Maryam Alwan figured the worst was over after New York City police in riot gear arrested her and other protesters on the Columbia University campus, loaded them onto buses and held them in custody for hours.
But the next evening, the college junior received an email from the university. Alwan and other students were being suspended after their arrests at the “ Gaza Solidarity Encampment,” a tactic colleges across the country have deployed to calm growing campus protests against the Israel-Hamas war.
The students’ plight has become a central part of protests, with students and a growing number of faculty demanding their amnesty. At issue is whether universities and law enforcement will clear the charges and withhold other consequences, or whether the suspensions and legal records will follow students into their adult lives.
Trespassing. You have the right to assembly, but that doesn’t extend to anywhere, any time.
These protestors could protest on the sidewalk, or get a permit and do a planned protest in a public park, or even work with the city to close roads for a planned march. As long as they kept it peaceful, police would have very little justification to arrest anyone.
Instead, they are doing it on college campuses, or public roads without permission. And when they are told to leave, they refuse. At that point, you are trespassing, and the police are justified in arresting you.
Civil disobedience grabs far more attention than protesting legally. We’re here talking about their cause because it made headlines due to civil disobedience. But activism has its costs.
Most of these protests are being done in zones designated by the university for protest. They are supposed to be allowed to protest there, as long as it doesn’t disrupt people getting to class and such.
Is it tresspassing, though? Not trying to argue with you, to be clear. They’re students paying tuition and housing fees. I guess I could see that arguement if they weren’t students. Though I agree, civil disobedience and disrupting the status quo is the only way to get people to take notice and do anything.
Unless it’s your place of residence, you are always trespassing if the owner (or employees acting on the owners behalf) tells you to leave.
Paying tuition doesn’t give you unfettered access to the school.
Freedom of assembly and speech apply to public schools since 55 years ago from the Tinker descion.
Public school rules don’t generally apply to universities. Though there is a constitutional right present due to most schools being government or quasi-government actors and college campuses being traditional public forums (again, very generally), the exercise of some rights are more broadly interpreted while other are more narrowly interpreted.
Afaik, universities are private. Specifically, Columbia University is definitely private.
And the ruling you’re talking about has a lot of restrictions which wouldn’t apply here anyway.

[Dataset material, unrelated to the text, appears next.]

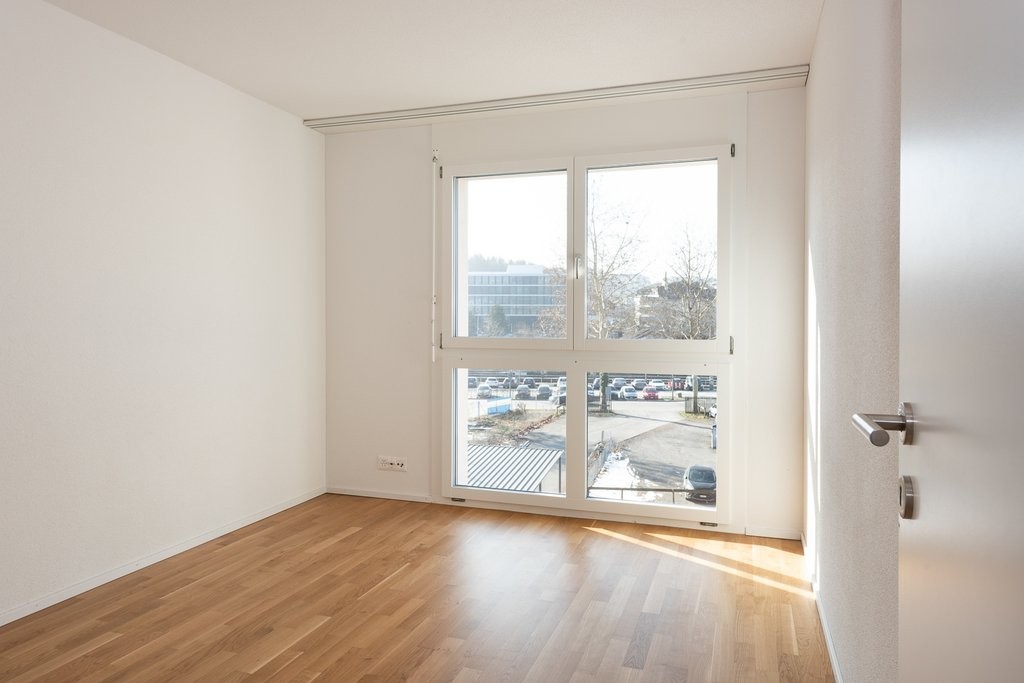 Grosszügige Wohnung mit Gartensitzplatz - 3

You can’t discriminate against cause. If you allow one protest to give speeches in the Quad, I suppose you would be required to give other causes equal access to the Quad.
These students created an encampment, which goes beyond past permitted protests at that university, afaik. I doubt university admin would allow that under any circumstances, even if they agree with the cause, because it sets a dangerous precedent.
But, again, this is a private university. These rules do not apply.
Are they? When I was in college, I don’t think I ever saw somebody from college demonstrate, it always was someone from the outside who relied on the fact that universities allowed it.
Justified is the wrong word.
No, it is not. It is the accurate term describing the legal justification that the police need to legally remove the protestors from the premises.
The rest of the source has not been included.